Lines below starting with the line with "Graceful Horse Logo" and going on through the line with "Smiffys Complete Zombie" must be output exactly; the rest of the records must be left out.

Source records
=== Section Start ===
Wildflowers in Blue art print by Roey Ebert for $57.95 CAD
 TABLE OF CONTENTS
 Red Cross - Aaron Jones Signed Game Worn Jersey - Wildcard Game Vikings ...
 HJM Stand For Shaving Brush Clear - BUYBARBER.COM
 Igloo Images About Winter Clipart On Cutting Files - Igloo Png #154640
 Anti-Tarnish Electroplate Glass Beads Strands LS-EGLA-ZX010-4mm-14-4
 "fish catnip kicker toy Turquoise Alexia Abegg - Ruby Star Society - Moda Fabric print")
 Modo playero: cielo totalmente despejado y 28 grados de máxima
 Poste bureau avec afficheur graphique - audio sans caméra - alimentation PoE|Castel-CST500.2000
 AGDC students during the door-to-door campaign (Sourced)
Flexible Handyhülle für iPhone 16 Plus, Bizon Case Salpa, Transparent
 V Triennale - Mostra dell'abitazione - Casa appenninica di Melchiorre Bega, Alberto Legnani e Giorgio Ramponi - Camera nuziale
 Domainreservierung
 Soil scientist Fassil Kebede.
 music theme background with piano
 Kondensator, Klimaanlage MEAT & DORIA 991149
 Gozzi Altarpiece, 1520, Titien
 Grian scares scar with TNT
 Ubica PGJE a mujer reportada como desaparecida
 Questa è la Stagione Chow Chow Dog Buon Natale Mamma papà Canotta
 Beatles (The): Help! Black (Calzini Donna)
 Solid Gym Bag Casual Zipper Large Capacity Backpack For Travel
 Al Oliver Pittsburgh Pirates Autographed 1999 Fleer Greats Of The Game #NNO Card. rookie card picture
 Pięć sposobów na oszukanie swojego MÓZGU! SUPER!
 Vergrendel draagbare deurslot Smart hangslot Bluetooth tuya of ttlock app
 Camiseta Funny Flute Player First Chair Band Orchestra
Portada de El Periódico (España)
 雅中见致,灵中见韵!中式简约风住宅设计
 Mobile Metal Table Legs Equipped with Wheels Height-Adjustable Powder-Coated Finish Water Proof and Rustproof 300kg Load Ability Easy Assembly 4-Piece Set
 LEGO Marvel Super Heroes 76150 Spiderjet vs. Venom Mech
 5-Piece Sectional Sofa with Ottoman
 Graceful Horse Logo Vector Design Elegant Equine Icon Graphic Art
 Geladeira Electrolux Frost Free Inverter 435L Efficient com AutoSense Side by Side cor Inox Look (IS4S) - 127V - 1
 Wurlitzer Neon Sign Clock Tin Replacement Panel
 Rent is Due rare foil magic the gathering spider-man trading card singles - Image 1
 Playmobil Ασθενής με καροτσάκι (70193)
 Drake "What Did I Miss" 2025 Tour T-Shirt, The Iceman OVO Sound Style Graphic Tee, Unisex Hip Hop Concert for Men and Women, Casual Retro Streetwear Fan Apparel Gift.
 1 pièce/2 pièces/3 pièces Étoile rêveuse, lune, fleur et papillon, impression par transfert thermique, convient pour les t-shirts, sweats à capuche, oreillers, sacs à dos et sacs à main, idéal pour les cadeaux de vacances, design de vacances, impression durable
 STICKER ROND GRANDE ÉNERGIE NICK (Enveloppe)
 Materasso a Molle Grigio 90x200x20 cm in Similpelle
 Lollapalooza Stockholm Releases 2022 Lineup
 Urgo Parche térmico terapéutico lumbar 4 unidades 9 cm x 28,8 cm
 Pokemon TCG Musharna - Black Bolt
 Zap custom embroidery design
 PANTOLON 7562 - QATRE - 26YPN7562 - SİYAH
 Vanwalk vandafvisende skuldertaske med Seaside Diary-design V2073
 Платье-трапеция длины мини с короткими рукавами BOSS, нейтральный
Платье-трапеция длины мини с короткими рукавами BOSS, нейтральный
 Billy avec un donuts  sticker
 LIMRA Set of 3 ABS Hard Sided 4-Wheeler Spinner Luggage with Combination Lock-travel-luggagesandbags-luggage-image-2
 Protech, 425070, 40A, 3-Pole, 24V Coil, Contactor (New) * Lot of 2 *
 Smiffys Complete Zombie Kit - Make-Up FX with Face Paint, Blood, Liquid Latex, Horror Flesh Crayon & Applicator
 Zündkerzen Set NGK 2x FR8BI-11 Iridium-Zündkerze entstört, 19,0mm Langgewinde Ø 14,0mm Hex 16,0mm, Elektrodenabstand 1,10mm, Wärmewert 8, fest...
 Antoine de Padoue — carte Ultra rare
=== Section End ===
> Task response
 Graceful Horse Logo Vector Design Elegant Equine Icon Graphic Art
 Geladeira Electrolux Frost Free Inverter 435L Efficient com AutoSense Side by Side cor Inox Look (IS4S) - 127V - 1
 Wurlitzer Neon Sign Clock Tin Replacement Panel
 Rent is Due rare foil magic the gathering spider-man trading card singles - Image 1
 Playmobil Ασθενής με καροτσάκι (70193)
 Drake "What Did I Miss" 2025 Tour T-Shirt, The Iceman OVO Sound Style Graphic Tee, Unisex Hip Hop Concert for Men and Women, Casual Retro Streetwear Fan Apparel Gift.
 1 pièce/2 pièces/3 pièces Étoile rêveuse, lune, fleur et papillon, impression par transfert thermique, convient pour les t-shirts, sweats à capuche, oreillers, sacs à dos et sacs à main, idéal pour les cadeaux de vacances, design de vacances, impression durable
 STICKER ROND GRANDE ÉNERGIE NICK (Enveloppe)
 Materasso a Molle Grigio 90x200x20 cm in Similpelle
 Lollapalooza Stockholm Releases 2022 Lineup
 Urgo Parche térmico terapéutico lumbar 4 unidades 9 cm x 28,8 cm
 Pokemon TCG Musharna - Black Bolt
 Zap custom embroidery design
 PANTOLON 7562 - QATRE - 26YPN7562 - SİYAH
 Vanwalk vandafvisende skuldertaske med Seaside Diary-design V2073
 Платье-трапеция длины мини с короткими рукавами BOSS, нейтральный
Платье-трапеция длины мини с короткими рукавами BOSS, нейтральный
 Billy avec un donuts  sticker
 LIMRA Set of 3 ABS Hard Sided 4-Wheeler Spinner Luggage with Combination Lock-travel-luggagesandbags-luggage-image-2
 Protech, 425070, 40A, 3-Pole, 24V Coil, Contactor (New) * Lot of 2 *
 Smiffys Complete Zombie Kit - Make-Up FX with Face Paint, Blood, Liquid Latex, Horror Flesh Crayon & Applicator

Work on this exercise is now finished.